The Entertainment Software Association (ESA) has launched a multi-year $1 million initiative to support Black Girls Code (BGC).
Along with its humanitarian arm ESA Foundation and BGC, the organisation will offer support to young girls and women interested in technology through education and mentoring.
"Talent is everywhere, but opportunity is not. Our industry is committed to expanding opportunities in our sector by working to grow talent and spark interest and excitement for STEAM careers, especially for those from underrepresented groups," said ESA president Stanley Pierre-Louis.
"Since the ESA Foundation's mission focuses on diversity as a central tenet, it is ideally positioned to lead, develop and manage this industry initiative and bring to life our partnership with Black Girls Code.
"Our goal is to attract more girls and young women into software coding and related technology fields. We look forward to celebrating the success stories of these young women as they develop their skills and become technology leaders in the video game industry and beyond."
Through this initiative, BGC will inch ever closer to its mission of supporting one million young women and girls in learning coding and tech skills by 2040.
Furthermore, the trade body will offer financial assistance as well as volunteer time.
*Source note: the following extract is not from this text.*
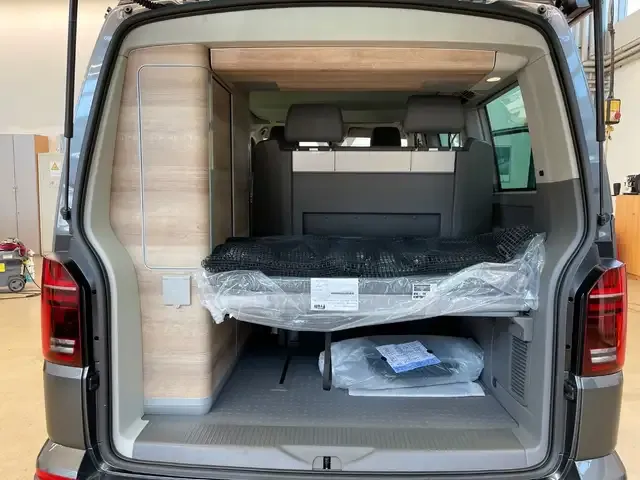 Volkswagen T6.1 California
There will be a primary focus on cities such as Dallas, Houston, Los Angeles, New York, Raleigh, San Francisco and North Carolina.
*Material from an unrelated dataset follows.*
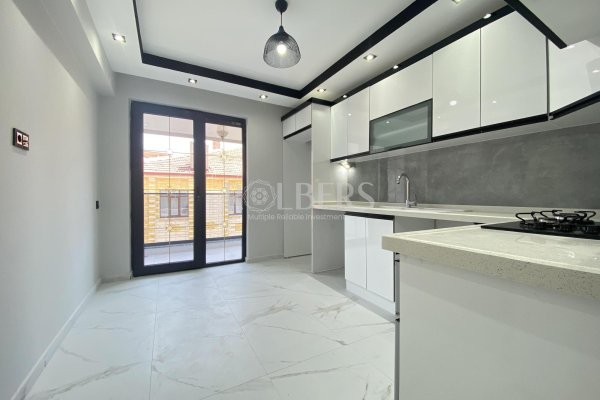 Eskişehir Çamlıca Mahallesi Lüks Özel Garajlı Satılık 3+1 Daire ( RS - 10200 )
Since 2007, the ESA Foundation has granted more than 400 scholarships, while BGC now has operations in cities across the US and South Africa.
"We are excited to work with the ESA Foundation and video game industry on increasing access and opportunities for girls and young women interested in exploring technology as educational and career options," said BGC.
"By cultivating the next generation of developers, we hope to grow the number of women of colour in the technology sector who will ultimately become the future leaders in this space."
In December 2020, the ESA Foundation raised $468,000, which was split between various charities and its scholarship programme.